─── Input for this task

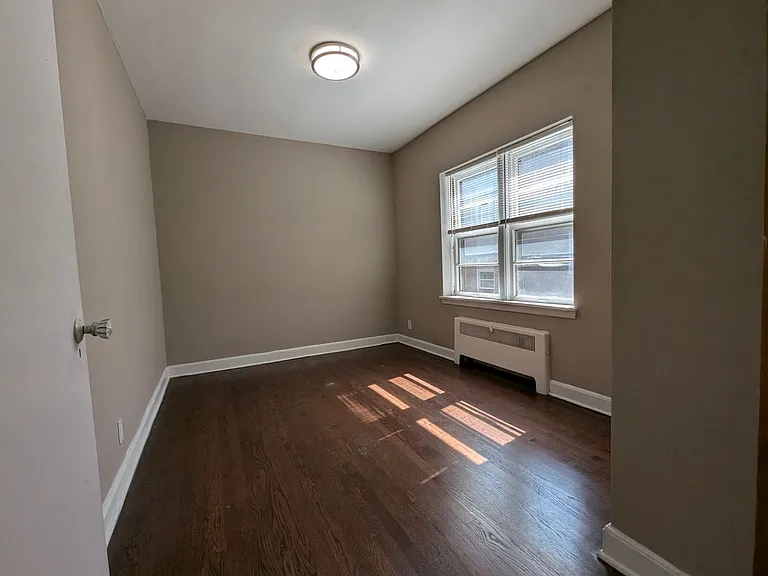 5425-33 W Martin Dr — Photo 12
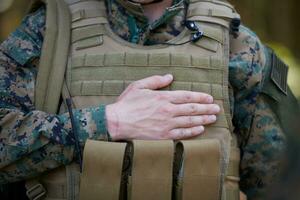 soldat svära med hand på hjärta foto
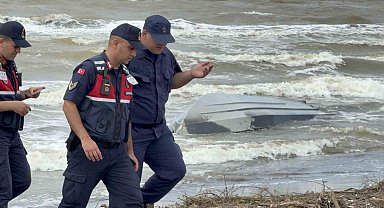 Samsun'da sahile vurmuş insansız deniz aracı bulundu
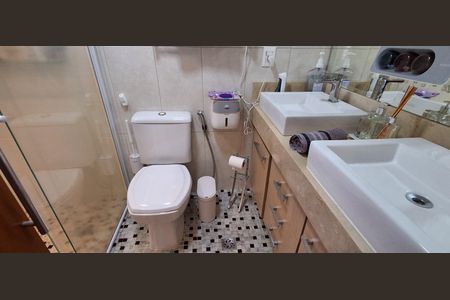 Apartamento à venda com 204m², 4 quartos e 3 vagas Apartamento à venda com 204m², 4 quartos e 3 vagasBanheiro Suíte 2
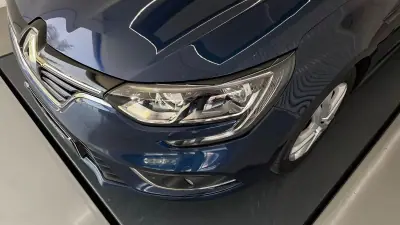 Renault Mégane Sport Tourer 2017 - 10990 EUR, 233602 km - AUTO.MOTO.pt - 233602km - foto 5 de 29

──────

▶ **Action item**
Reproduce exactly, without any picture, the lines from the one bearing "soldat svära med hand på hjärta foto" to the last line of the records above.

▶ **Task answer**
 soldat svära med hand på hjärta foto
 Samsun'da sahile vurmuş insansız deniz aracı bulundu
 Apartamento à venda com 204m², 4 quartos e 3 vagas Apartamento à venda com 204m², 4 quartos e 3 vagasBanheiro Suíte 2
 Renault Mégane Sport Tourer 2017 - 10990 EUR, 233602 km - AUTO.MOTO.pt - 233602km - foto 5 de 29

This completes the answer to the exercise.